Спал в каменных подвалах, уронив тяжелые кулаки, молодой и еще не совсем понимающий самого себя пролетариат. Ночами на конспиративных квартирах приглушенными голосами спорили люди в темных косоворотках и снимали с гектографов влажные листы: «Пролетарии всех стран, соединяйтесь!»

Миллионы людей, сотни поколений, фараоны, ремесленники и крестьяне втягивали голову в плечи от страха, когда поднимали взор к небу — мерцающим планетам и звездам, таинственному Млечному пути, похожему на гигантское древо жизни и смерти. Они боялись неба. Сидящий на берегу Оки молодой еще человек просто и спокойно, как на землю, которую надо пахать, боронить и засевать, смотрел на бездонное небо. К. Э. Циолковский, умея мысленно раздвигать до бесконечности небо, крепко стоял на ногах в кабинете ученого.

О, эти губернские дома российских интеллигентов чеховско-гаршинского склада!

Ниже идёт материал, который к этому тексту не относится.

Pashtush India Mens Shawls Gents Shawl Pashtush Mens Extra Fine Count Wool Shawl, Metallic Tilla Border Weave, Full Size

Без ковров и портретов царствующих особ, без резьбы и лака на мебели — долго они будут жить, ибо на дверях многих таких домов теперь прибита табличка: «Здесь жил и работал…» В доме на Оке — жесткие деревянные кровати, сосновый стол, полотняные занавески, комод, плоский и незатейливый… Спине от волнения холодно, когда вспоминаешь, где ты еще видел такой дом, почти такой, доведенный до верха аскетизма.

Ульяновск! Целесообразно пустые комнаты, верх роскоши — рояль, верх украшательства — вырезанная лобзиком из фанеры Александром Ульяновым хлебница и, наконец, детская, где вместо игрушек — деревянные чурбачки. Здесь родился В. И. Ленин — человек, который, не будучи математиком, внесет поправочные коэффициенты чуть ли не во все математические реалии Земли и космоса…

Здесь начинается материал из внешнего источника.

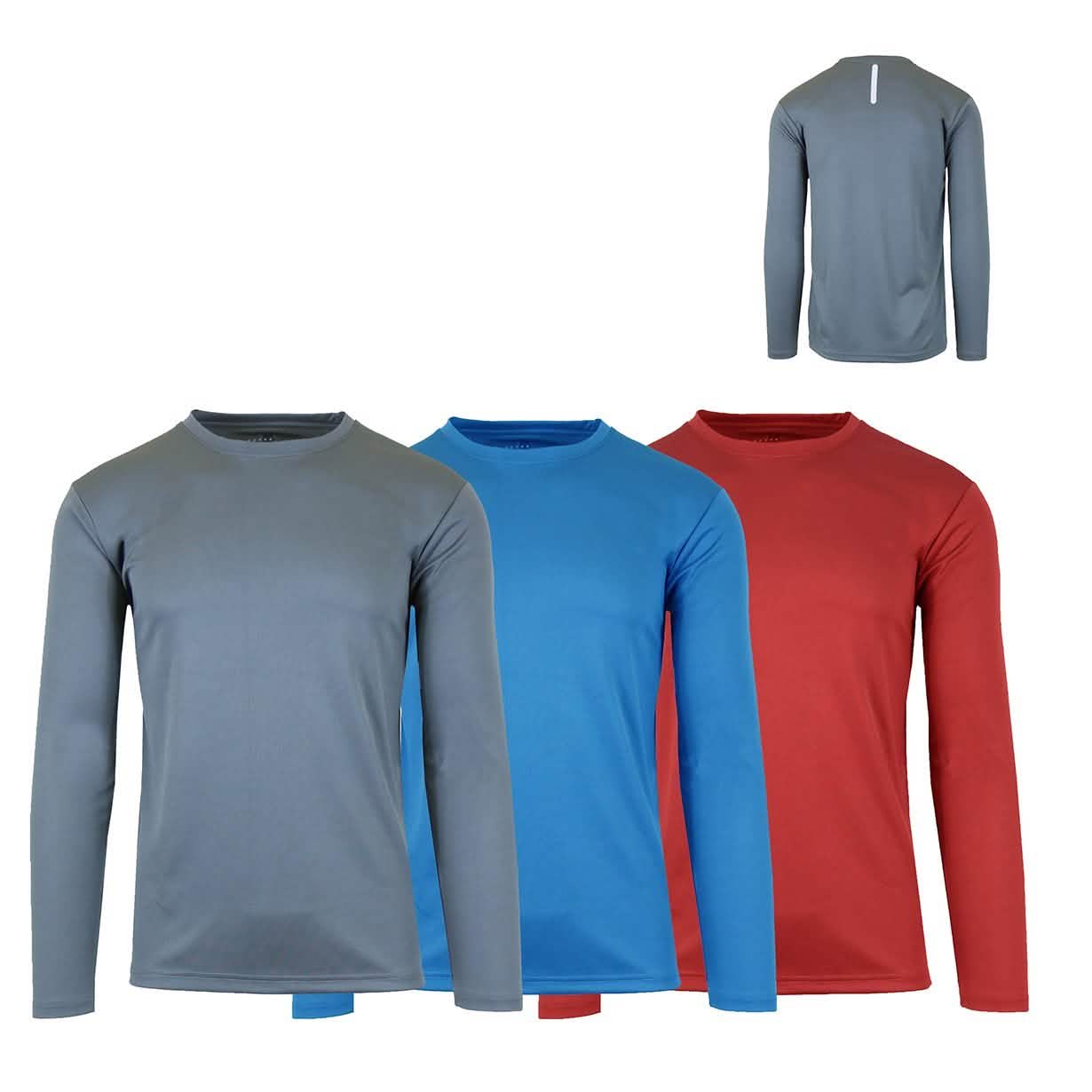 3-Pack: Men's Moisture Wicking Long Sleeve Performance Tagless Tee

Похожий на Менделеева, и на Тимирязева, и на Чайковского одновременно, а больше всего на самого себя, Константин Эдуардович Циолковский как ученый соединяет конкретные научно-технические исследования с глобально-масштабным мышлением космического навигатора, но и его смелое воображение все-таки не мешает возникновению, может быть, единственной, но серьезной ошибки.

Он исповедально пишет: «Основной мотив моей жизни сделать что-нибудь полезное для людей, не прожить даром жизнь, продвинуть человечество хоть немного вперед. Вот почему я интересовался тем, что не давало мне ни хлеба, ни силы. Но я надеюсь, что мои работы, может быть, скоро, а может быть, в отдаленном будущем принесут человечеству горы хлеба и бездну могущества…»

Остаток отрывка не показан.